The plan includes the latest installment in the mayor's 10-year plan to reduce property taxes by 22 percent. Officials said the city's stabilizing financial picture also allows $26 million in new capital investments, including $5 million in technology to allow police officers to file reports from crime scenes and their supervisors to better manage overtime costs.


"The budget ... means savings to the average homeowner on their tax bill, and we're not done," Rawlings-Blake said in an interview.

The spending plan, for the fiscal year that begins July 1, includes an added $2 million to encourage home ownership, $4 million more for street repairs and $3 million more for recreation and parks, including a skate park in Hampden and upgrades to the Herring Run Park trail, officials said.

The budget will go to the City Council, which can make changes before approving it. The proposal drew positive reaction Tuesday from some council members, including Helen Holton, who heads the budget committee. Still, Holton said she is anxious to dig into the details of the plan.

"Thank God there are no more cuts to services — I think we're at the bone," Holton said. "That's refreshing and surprising, given the budget director's continuing mantra of doom and gloom."

Council President Bernard C. "Jack" Young said he is pleased with the mayor's budget priorities, including the cuts to the city's property taxes — which are the highest in the region. But he said he wants to scrutinize the elimination of 23 positions and the proposed reduction in accrued leave for which employees can be paid when they retire.

"There are always negotiations back and forth, and we will come up with something in the middle," Young said of the budget process.

Andrew W. Kleine, the mayor's budget director, said the city is negotiating with union officials to reduce the amount of accrued vacation and personal leave available to some city workers.
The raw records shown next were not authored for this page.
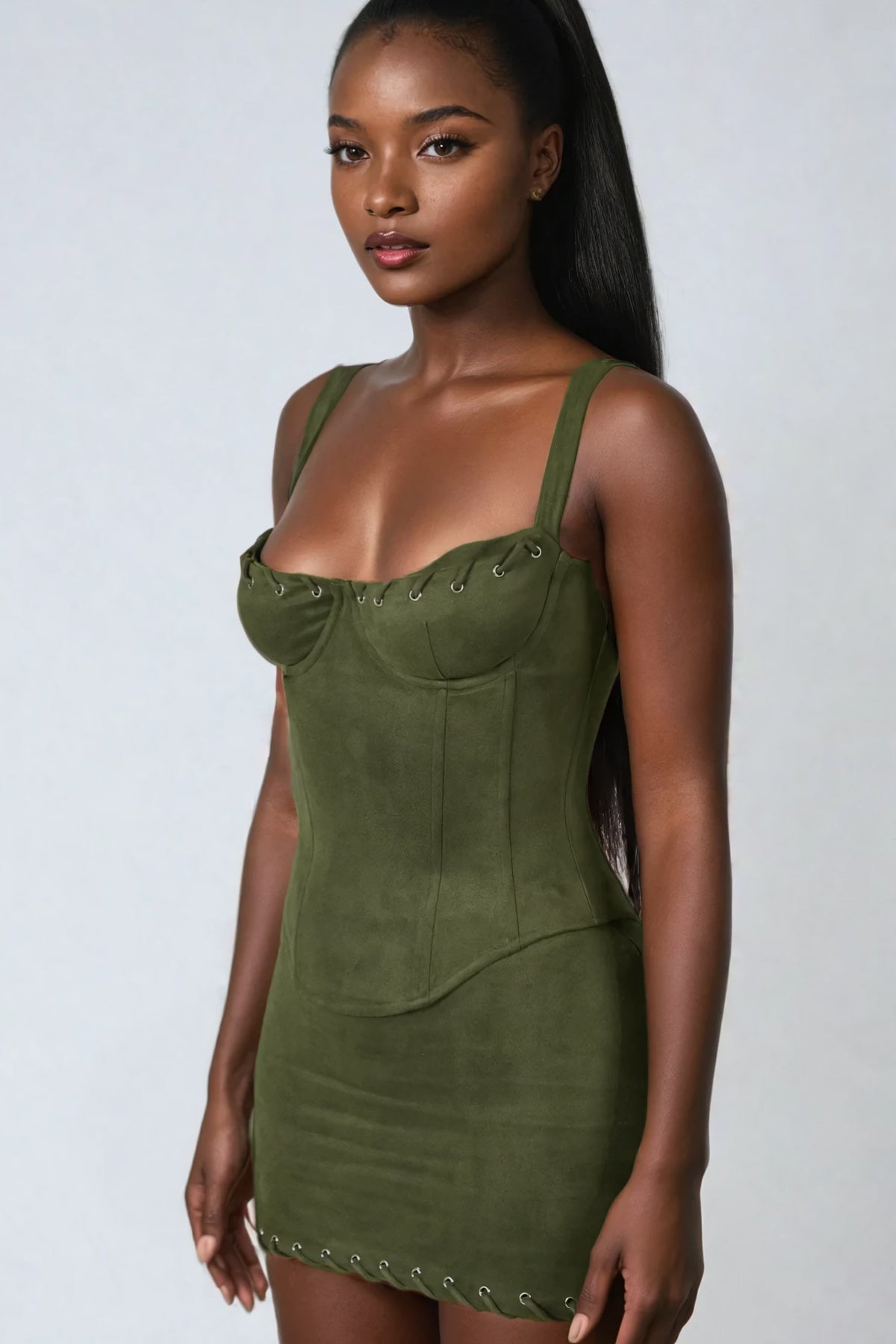 Sophisticated Suede Corset Skirt Set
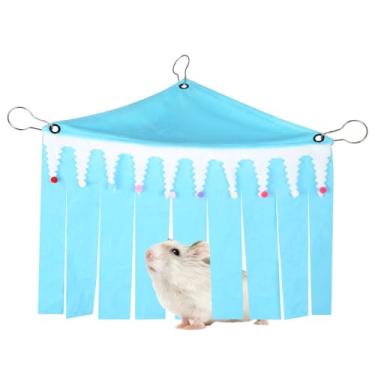 Imagem de Esconderijo de canto de porquinho-da-índia, refúgio de habitat de furões suspensos, rede de animais pequenos de 3 lados para hamsters, esquilos, chinchilas, coelhos, ouriços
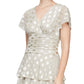 SL Fashions Women's Metallic Dotted Ruched Waist Dress Yellow Size 10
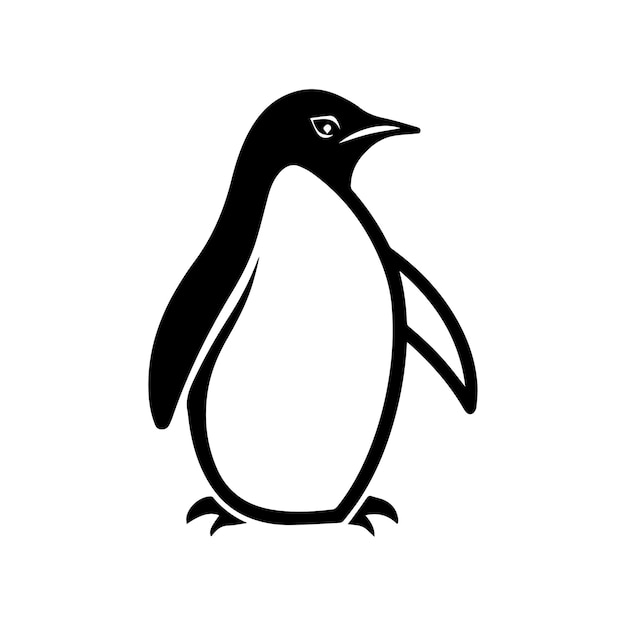 Icono de pingüino o símbolo de línea moderno Arte de línea vectorial y diseño de icono con contorno en negrita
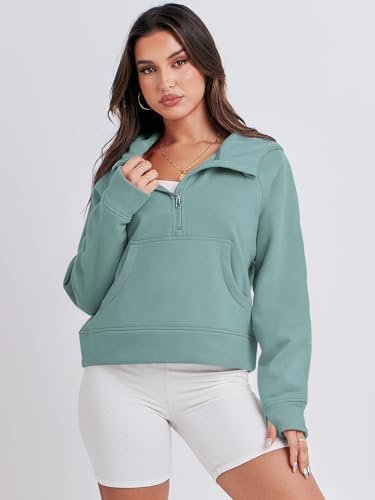 Caracilia Half Zip Sweatshirts Cropped Hoodies Fleece Quarter Zip Up Pullover Top Sweater Fall Outfits 2023 Winter Clothes - Image 5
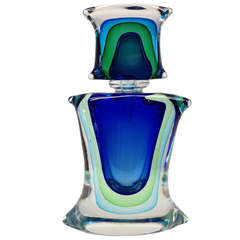 Perfume Bottle, Sommerso Blue and Green Perfume Bottle, Sommerso Blue and Green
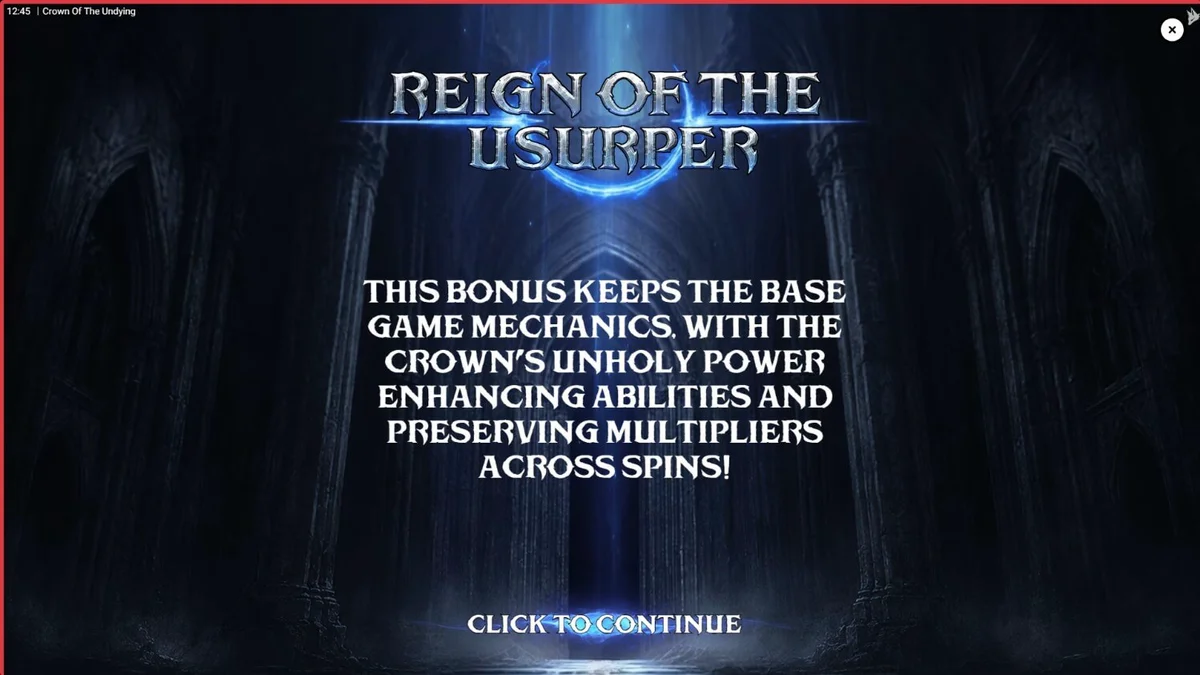 Crown of the Undying slot game interface na may dark fantasy theme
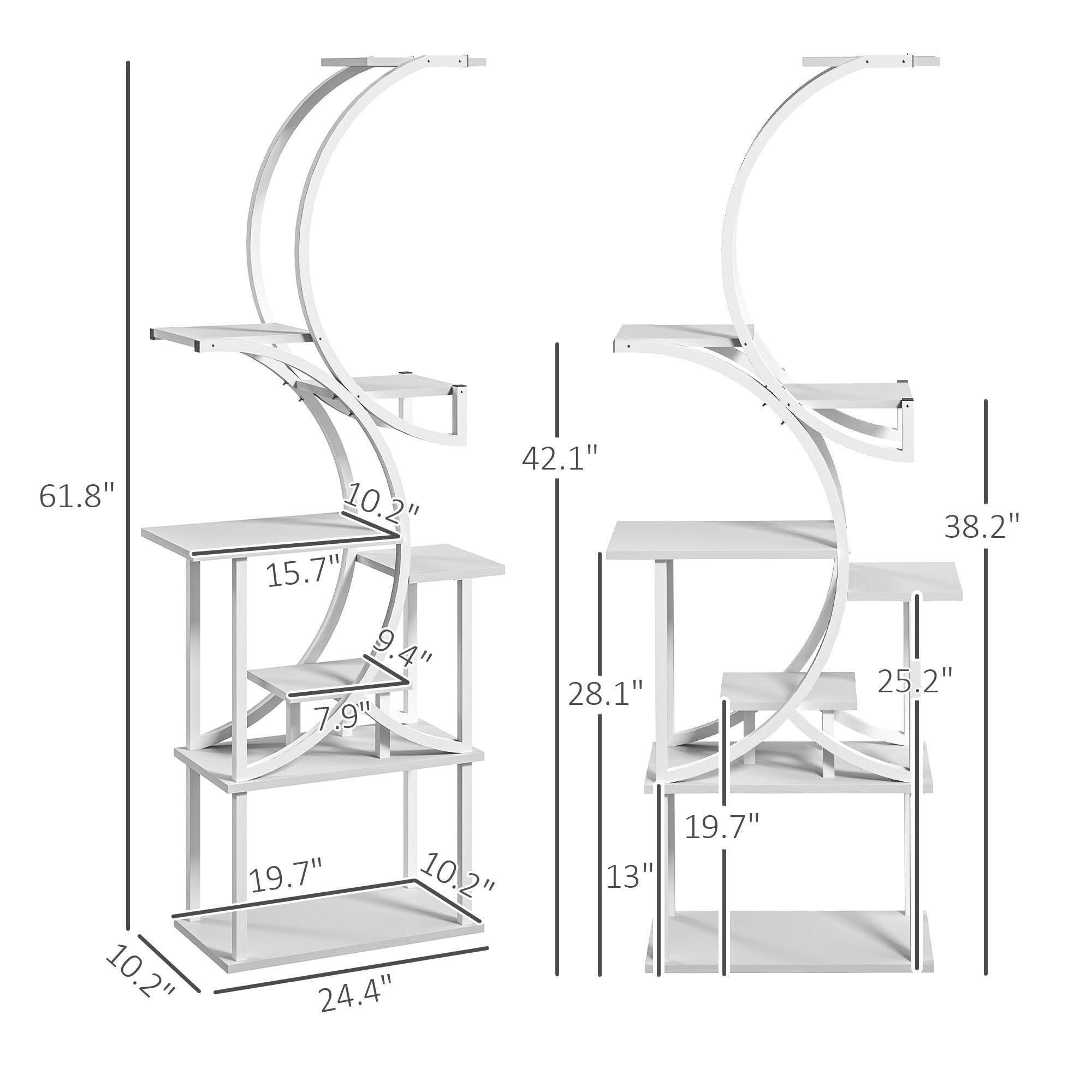Plant Stand Indoor, 8 Tier 62" S-Shaped Plant Shelf, Corner Plant Rack for Multiple Plants, White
Some employees can accumulate as many as 192 days; the administration wants to cap leave at 45 days for new workers and for current workers who have not yet accumulated 45 days.

Negotiations over leave are part of the larger efforts to further reduce the long-term deficit, Kleine said.

The proposed property tax cut would effectively drop the rate for an owner-occupied home to $2.13 per $100 of assessed value, a 1.2 percent reduction. A homeowner with a property worth $150,000 and no tax credits would pay $3,195, down $38 from this year.

Kleine said Baltimore has emerged from the recession on firmer financial footing than before the economic downturn, with more money stashed in a rainy day account and the city's long-term shortfall down roughly $300 million from the $750 million projected a few years ago.

"We've been fighting large shortfalls every year," he said. "To be able to fund current services and make progress on reducing the property tax rate, improving our reserves and increasing our capital investment and continuing to make progress on those unfunded liabilities — that's a good budget.

"This budget keeps us on the path toward fiscal sustainability," Kleine said. "Of course, you'd want more money, but with the money we have we're making a lot of responsible choices.